チホン君のご家族に招待された時(2019年)

-田中)「日本へ行きたい気持ちは今もある?」
-チホン)「もちろん!日本は近代的で自然が美しく、気候が温暖だし。そこの冬がこちらの春よりあたたかい時もある。日本での仕事やアルバイトもしてみたい。何かの番組で見たけど、仕事熱心な人が多い日本で、残業を超過して働きすぎの会社員を腕ずくでも家に帰させる警備員の職に就いてみたい。僕たちの国では、一日の労働時間の8時間終了後すぐに、またはそれを待たずに帰路に着く人がほとんどだけど、日本人は12-14時間平気で働きすぎるから、彼らの健康を力ずくでも守るそんな仕事に憧れるなぁ。僕自身2メートル近くあるから(身長197センチ)、職場にしがみつく人を持ち上げて、タクシーに乗せて家に送らせて休んでもらうようにすることはできると思う。」

-田中)「ルックスもいいし、モデルとして就職すれば?」
-チホン)「うん、それもわるくないね。その話で僕に興味を持ってくれる日本の方々、お電話・メールをお待ちしております!」

家族でのお出かけの前にきちんとした服装をするチホン君と妹アンゲリーナちゃん(2019年)

-田中)「チェルノブイリ事故の歴史・現在までの影響について思うことは?」
-チホン)「母から聞いたその歴史を、学校でも5~6年生の時に学んだ。毎年、事故の起こった4月26日は消防士の人や事故処理をした英雄がやって来て話をしますが、その勇気に感動してた。

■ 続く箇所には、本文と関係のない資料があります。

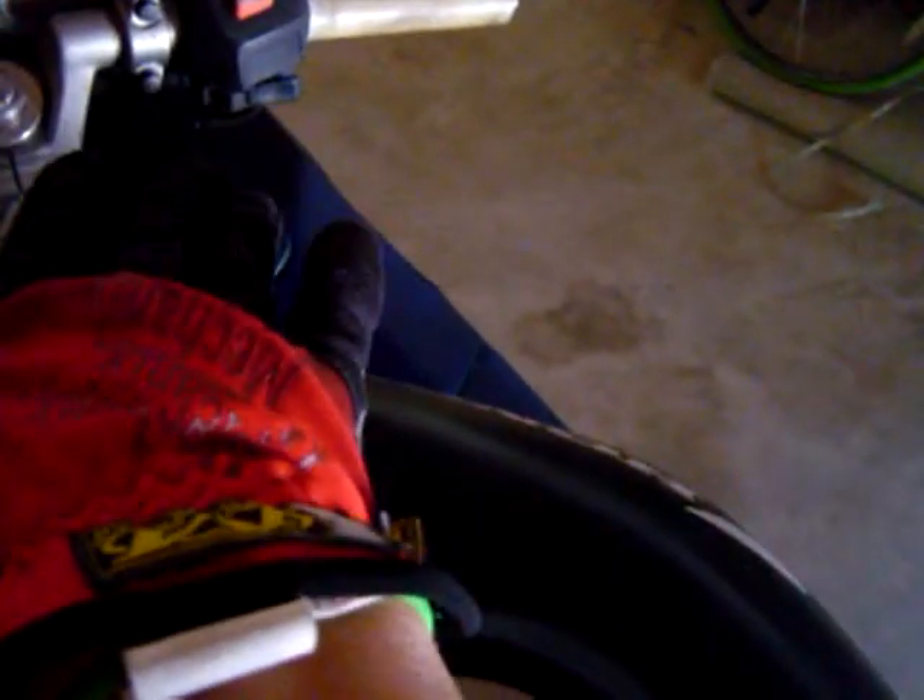Now, if you have a flashlight fuse tester, it's not going to show anything because it's all going to be dead. If you check the hot wire, it should be good — meaning if you use the flashlight one, it's going to be good. It should show it's dead because the relay is the main switch.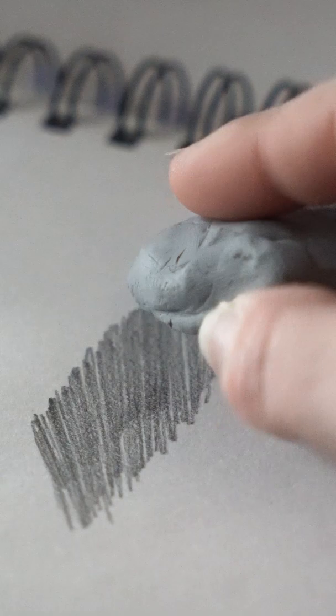Hello everyone and welcome back to another video. Today we're talking about a kneaded eraser, specifically how to clean your kneaded eraser. Now, we all love that feeling of opening up a brand new kneaded eraser and seeing that perfect shade of gray throughout the entire thing. However, then we go and use it and all of a sudden it looks very dirty.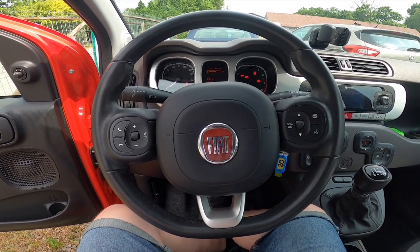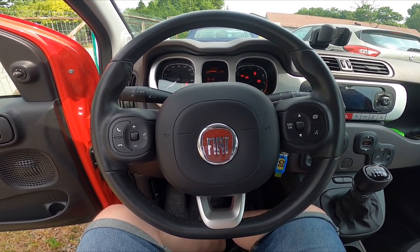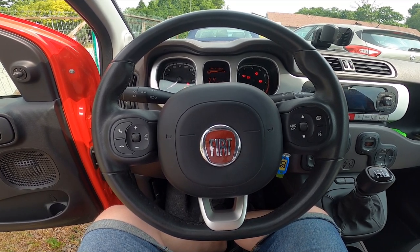Hello, today I'm in the Fiat Panda Cross. In this video I'll show you how to manage the auto closing function.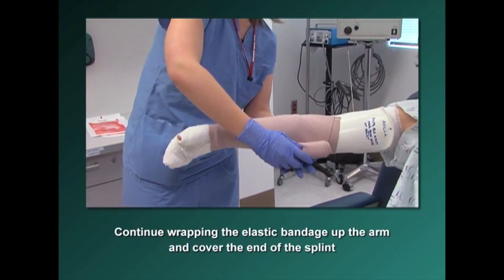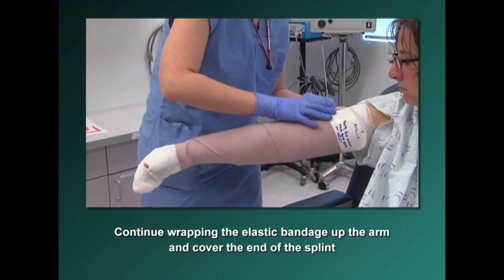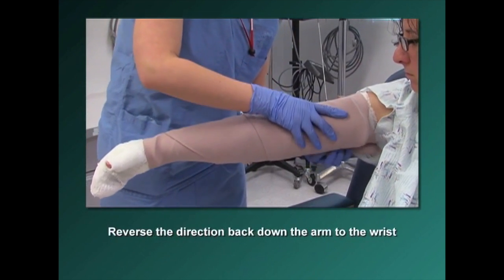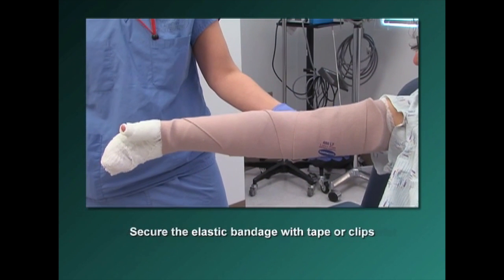Cover the distal end of the splint with the elastic bandage. Continue wrapping the elastic bandage up the arm and cover the end of the splint. Then reverse the direction back down the arm to the wrist. Secure the elastic bandage with tape or clips.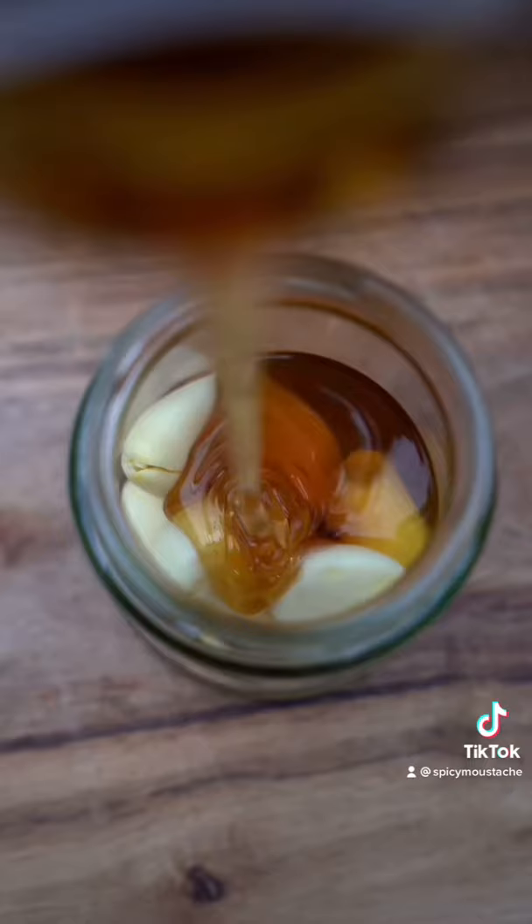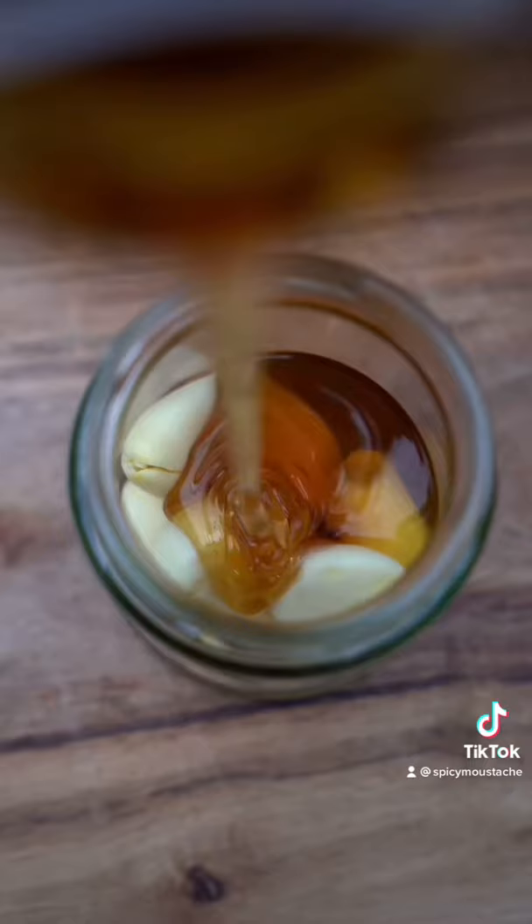Fill up two thirds of the jar with your peeled garlic and top it up with honey. Mix well until completely coated.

この45分間の特別授業のなかでは、まずチェルノブイリで起きた事故のことが思い出され、それから他の国での放射能被害についても語られる。かつて日本人が、自分達の土地での(放射能汚染)検査を恐れずに受け入れたことで、それがチェルノブイリ事故後にも応用されたことも知った。」

-田中)「2011年の、福島原発事故については?」
-チホン)「このことについてはテレビで知って、それからチェルノブイリ事故を思い返す特別授業中に、福島で起きたことも語られるようになったので。復興に向けてがんばっている日本の皆さんには、多くの人があなた達を支えていることを忘れずに、気を落とさず、あきらめず、安全を最優先にしてほしいです。しっかりとした心を持っていれば病気にもなりにくいはずです!」


 幼い頃からチェルノブイリ近郊生まれのお母さんに原発事故のことや放射能の恐ろしさについてきかされていたこともあってか、このテーマについては同世代の子達よりも詳しく熱く語ってくれたと思います。
時にはユーモアをまじえながらも、堂々と話すチホン君の成長を直に感じたインタビューでした。

(左)今回のインタビューでチホン君と(2023年)
(右)見上げるほど立派に成長したチホン君と(2023年)

 現地のことをよりよく知る上で、様々な分野に携わる幅広い年齢層とのコミュニケーションは大事です。そのなかで、成長過程真っ只中の子供~若者の視点にスポットを当ててみました。チェルノブイリ原発事故発生、その後の放射能汚染・被害から長い年月が経ち、その影響も徐々に収まってきた時期に生まれた世代。彼らに繰り返されてはならない原発事故の歴史はどう伝えられているのかを知り、また今の生活やこれから取り組んでいくこと・目標を語ってもらい、意見交換や協力をしていくことで安心安全で明るい未来づくりに繋がっていけば何よりです。